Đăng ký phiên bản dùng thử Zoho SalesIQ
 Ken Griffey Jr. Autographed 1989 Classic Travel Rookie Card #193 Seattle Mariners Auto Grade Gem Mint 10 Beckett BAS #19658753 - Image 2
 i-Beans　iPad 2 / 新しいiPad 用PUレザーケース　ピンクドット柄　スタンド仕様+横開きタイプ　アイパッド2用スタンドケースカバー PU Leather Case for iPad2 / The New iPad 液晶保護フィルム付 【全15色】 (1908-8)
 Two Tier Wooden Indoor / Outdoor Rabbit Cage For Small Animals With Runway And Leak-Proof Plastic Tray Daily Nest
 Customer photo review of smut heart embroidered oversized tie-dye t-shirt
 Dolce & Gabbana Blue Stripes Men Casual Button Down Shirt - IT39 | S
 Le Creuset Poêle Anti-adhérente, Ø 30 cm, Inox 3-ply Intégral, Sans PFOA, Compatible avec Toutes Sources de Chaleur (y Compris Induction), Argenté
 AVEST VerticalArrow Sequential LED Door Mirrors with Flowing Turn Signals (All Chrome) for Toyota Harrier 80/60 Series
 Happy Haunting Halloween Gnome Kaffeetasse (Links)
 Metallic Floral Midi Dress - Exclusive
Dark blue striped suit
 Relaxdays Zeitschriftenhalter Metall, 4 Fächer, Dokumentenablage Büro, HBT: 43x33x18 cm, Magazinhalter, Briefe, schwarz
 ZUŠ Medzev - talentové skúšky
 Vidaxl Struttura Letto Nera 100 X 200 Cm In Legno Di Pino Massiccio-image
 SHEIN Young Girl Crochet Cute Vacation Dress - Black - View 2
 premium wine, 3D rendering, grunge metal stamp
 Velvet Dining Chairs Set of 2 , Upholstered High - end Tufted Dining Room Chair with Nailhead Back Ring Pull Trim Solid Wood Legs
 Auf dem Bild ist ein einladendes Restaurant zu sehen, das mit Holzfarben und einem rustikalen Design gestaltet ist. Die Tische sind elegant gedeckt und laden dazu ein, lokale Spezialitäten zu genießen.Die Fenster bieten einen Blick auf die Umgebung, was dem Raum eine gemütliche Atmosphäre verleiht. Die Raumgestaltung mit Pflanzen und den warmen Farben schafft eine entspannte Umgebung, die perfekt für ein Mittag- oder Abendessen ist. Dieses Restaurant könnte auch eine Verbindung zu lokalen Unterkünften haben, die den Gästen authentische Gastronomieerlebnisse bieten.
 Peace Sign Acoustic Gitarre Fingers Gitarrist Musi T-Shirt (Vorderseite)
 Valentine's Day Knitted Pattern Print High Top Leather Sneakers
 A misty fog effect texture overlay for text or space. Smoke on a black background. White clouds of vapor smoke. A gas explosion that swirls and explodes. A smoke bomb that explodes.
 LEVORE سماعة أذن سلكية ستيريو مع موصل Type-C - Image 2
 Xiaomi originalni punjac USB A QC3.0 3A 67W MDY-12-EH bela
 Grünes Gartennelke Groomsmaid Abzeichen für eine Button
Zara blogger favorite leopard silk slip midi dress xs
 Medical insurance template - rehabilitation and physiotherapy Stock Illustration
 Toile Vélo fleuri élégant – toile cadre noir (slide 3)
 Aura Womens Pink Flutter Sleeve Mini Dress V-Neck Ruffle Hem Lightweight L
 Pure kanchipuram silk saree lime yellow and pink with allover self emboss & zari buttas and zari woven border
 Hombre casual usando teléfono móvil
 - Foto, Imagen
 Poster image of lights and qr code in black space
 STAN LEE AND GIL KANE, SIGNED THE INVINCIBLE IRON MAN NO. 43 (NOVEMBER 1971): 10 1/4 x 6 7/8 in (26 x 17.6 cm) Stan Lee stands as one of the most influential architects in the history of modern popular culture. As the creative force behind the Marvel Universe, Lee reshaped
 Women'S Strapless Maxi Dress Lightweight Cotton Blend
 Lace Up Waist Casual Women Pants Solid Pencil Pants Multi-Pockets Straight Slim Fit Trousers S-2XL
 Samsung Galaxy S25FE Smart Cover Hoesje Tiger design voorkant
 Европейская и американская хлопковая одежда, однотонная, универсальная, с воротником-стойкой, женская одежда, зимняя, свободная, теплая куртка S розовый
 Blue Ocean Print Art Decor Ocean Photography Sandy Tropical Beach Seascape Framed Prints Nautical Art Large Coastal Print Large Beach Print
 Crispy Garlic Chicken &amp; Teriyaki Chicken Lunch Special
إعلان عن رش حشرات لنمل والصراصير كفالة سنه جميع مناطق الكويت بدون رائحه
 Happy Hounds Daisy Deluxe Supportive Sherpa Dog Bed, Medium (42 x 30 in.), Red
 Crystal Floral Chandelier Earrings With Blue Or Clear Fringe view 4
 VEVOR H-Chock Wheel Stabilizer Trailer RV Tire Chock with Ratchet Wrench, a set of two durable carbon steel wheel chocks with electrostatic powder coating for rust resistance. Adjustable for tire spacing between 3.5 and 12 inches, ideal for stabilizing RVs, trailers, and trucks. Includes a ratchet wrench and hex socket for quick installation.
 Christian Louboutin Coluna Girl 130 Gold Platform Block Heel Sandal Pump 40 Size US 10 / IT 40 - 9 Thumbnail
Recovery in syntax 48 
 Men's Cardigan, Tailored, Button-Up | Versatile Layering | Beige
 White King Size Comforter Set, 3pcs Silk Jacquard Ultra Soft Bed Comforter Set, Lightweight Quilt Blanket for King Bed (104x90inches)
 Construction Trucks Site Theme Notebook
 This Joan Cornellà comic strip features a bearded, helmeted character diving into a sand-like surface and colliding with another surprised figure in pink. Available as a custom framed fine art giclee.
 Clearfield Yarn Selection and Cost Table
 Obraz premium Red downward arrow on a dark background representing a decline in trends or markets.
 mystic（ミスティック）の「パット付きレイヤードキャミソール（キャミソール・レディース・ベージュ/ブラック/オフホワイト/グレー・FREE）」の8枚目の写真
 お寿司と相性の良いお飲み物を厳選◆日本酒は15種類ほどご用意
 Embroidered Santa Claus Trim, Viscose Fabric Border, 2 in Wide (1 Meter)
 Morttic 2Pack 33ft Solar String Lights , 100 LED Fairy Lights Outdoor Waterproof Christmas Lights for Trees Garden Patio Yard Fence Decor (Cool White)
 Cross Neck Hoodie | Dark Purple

═══

HOW TO COMPLETE THIS TASK: Reproduce all of the data exactly as given.

ANSWER SPACE:
Đăng ký phiên bản dùng thử Zoho SalesIQ
 Ken Griffey Jr. Autographed 1989 Classic Travel Rookie Card #193 Seattle Mariners Auto Grade Gem Mint 10 Beckett BAS #19658753 - Image 2
 i-Beans　iPad 2 / 新しいiPad 用PUレザーケース　ピンクドット柄　スタンド仕様+横開きタイプ　アイパッド2用スタンドケースカバー PU Leather Case for iPad2 / The New iPad 液晶保護フィルム付 【全15色】 (1908-8)
 Two Tier Wooden Indoor / Outdoor Rabbit Cage For Small Animals With Runway And Leak-Proof Plastic Tray Daily Nest
 Customer photo review of smut heart embroidered oversized tie-dye t-shirt
 Dolce & Gabbana Blue Stripes Men Casual Button Down Shirt - IT39 | S
 Le Creuset Poêle Anti-adhérente, Ø 30 cm, Inox 3-ply Intégral, Sans PFOA, Compatible avec Toutes Sources de Chaleur (y Compris Induction), Argenté
 AVEST VerticalArrow Sequential LED Door Mirrors with Flowing Turn Signals (All Chrome) for Toyota Harrier 80/60 Series
 Happy Haunting Halloween Gnome Kaffeetasse (Links)
 Metallic Floral Midi Dress - Exclusive
Dark blue striped suit
 Relaxdays Zeitschriftenhalter Metall, 4 Fächer, Dokumentenablage Büro, HBT: 43x33x18 cm, Magazinhalter, Briefe, schwarz
 ZUŠ Medzev - talentové skúšky
 Vidaxl Struttura Letto Nera 100 X 200 Cm In Legno Di Pino Massiccio-image
 SHEIN Young Girl Crochet Cute Vacation Dress - Black - View 2
 premium wine, 3D rendering, grunge metal stamp
 Velvet Dining Chairs Set of 2 , Upholstered High - end Tufted Dining Room Chair with Nailhead Back Ring Pull Trim Solid Wood Legs
 Auf dem Bild ist ein einladendes Restaurant zu sehen, das mit Holzfarben und einem rustikalen Design gestaltet ist. Die Tische sind elegant gedeckt und laden dazu ein, lokale Spezialitäten zu genießen.Die Fenster bieten einen Blick auf die Umgebung, was dem Raum eine gemütliche Atmosphäre verleiht. Die Raumgestaltung mit Pflanzen und den warmen Farben schafft eine entspannte Umgebung, die perfekt für ein Mittag- oder Abendessen ist. Dieses Restaurant könnte auch eine Verbindung zu lokalen Unterkünften haben, die den Gästen authentische Gastronomieerlebnisse bieten.
 Peace Sign Acoustic Gitarre Fingers Gitarrist Musi T-Shirt (Vorderseite)
 Valentine's Day Knitted Pattern Print High Top Leather Sneakers
 A misty fog effect texture overlay for text or space. Smoke on a black background. White clouds of vapor smoke. A gas explosion that swirls and explodes. A smoke bomb that explodes.
 LEVORE سماعة أذن سلكية ستيريو مع موصل Type-C - Image 2
 Xiaomi originalni punjac USB A QC3.0 3A 67W MDY-12-EH bela
 Grünes Gartennelke Groomsmaid Abzeichen für eine Button
Zara blogger favorite leopard silk slip midi dress xs
 Medical insurance template - rehabilitation and physiotherapy Stock Illustration
 Toile Vélo fleuri élégant – toile cadre noir (slide 3)
 Aura Womens Pink Flutter Sleeve Mini Dress V-Neck Ruffle Hem Lightweight L
 Pure kanchipuram silk saree lime yellow and pink with allover self emboss & zari buttas and zari woven border
 Hombre casual usando teléfono móvil
 - Foto, Imagen
 Poster image of lights and qr code in black space
 STAN LEE AND GIL KANE, SIGNED THE INVINCIBLE IRON MAN NO. 43 (NOVEMBER 1971): 10 1/4 x 6 7/8 in (26 x 17.6 cm) Stan Lee stands as one of the most influential architects in the history of modern popular culture. As the creative force behind the Marvel Universe, Lee reshaped
 Women'S Strapless Maxi Dress Lightweight Cotton Blend
 Lace Up Waist Casual Women Pants Solid Pencil Pants Multi-Pockets Straight Slim Fit Trousers S-2XL
 Samsung Galaxy S25FE Smart Cover Hoesje Tiger design voorkant
 Европейская и американская хлопковая одежда, однотонная, универсальная, с воротником-стойкой, женская одежда, зимняя, свободная, теплая куртка S розовый
 Blue Ocean Print Art Decor Ocean Photography Sandy Tropical Beach Seascape Framed Prints Nautical Art Large Coastal Print Large Beach Print
 Crispy Garlic Chicken &amp; Teriyaki Chicken Lunch Special
إعلان عن رش حشرات لنمل والصراصير كفالة سنه جميع مناطق الكويت بدون رائحه
 Happy Hounds Daisy Deluxe Supportive Sherpa Dog Bed, Medium (42 x 30 in.), Red
 Crystal Floral Chandelier Earrings With Blue Or Clear Fringe view 4
 VEVOR H-Chock Wheel Stabilizer Trailer RV Tire Chock with Ratchet Wrench, a set of two durable carbon steel wheel chocks with electrostatic powder coating for rust resistance. Adjustable for tire spacing between 3.5 and 12 inches, ideal for stabilizing RVs, trailers, and trucks. Includes a ratchet wrench and hex socket for quick installation.
 Christian Louboutin Coluna Girl 130 Gold Platform Block Heel Sandal Pump 40 Size US 10 / IT 40 - 9 Thumbnail
Recovery in syntax 48 
 Men's Cardigan, Tailored, Button-Up | Versatile Layering | Beige
 White King Size Comforter Set, 3pcs Silk Jacquard Ultra Soft Bed Comforter Set, Lightweight Quilt Blanket for King Bed (104x90inches)
 Construction Trucks Site Theme Notebook
 This Joan Cornellà comic strip features a bearded, helmeted character diving into a sand-like surface and colliding with another surprised figure in pink. Available as a custom framed fine art giclee.
 Clearfield Yarn Selection and Cost Table
 Obraz premium Red downward arrow on a dark background representing a decline in trends or markets.
 mystic（ミスティック）の「パット付きレイヤードキャミソール（キャミソール・レディース・ベージュ/ブラック/オフホワイト/グレー・FREE）」の8枚目の写真
 お寿司と相性の良いお飲み物を厳選◆日本酒は15種類ほどご用意
 Embroidered Santa Claus Trim, Viscose Fabric Border, 2 in Wide (1 Meter)
 Morttic 2Pack 33ft Solar String Lights , 100 LED Fairy Lights Outdoor Waterproof Christmas Lights for Trees Garden Patio Yard Fence Decor (Cool White)
 Cross Neck Hoodie | Dark Purple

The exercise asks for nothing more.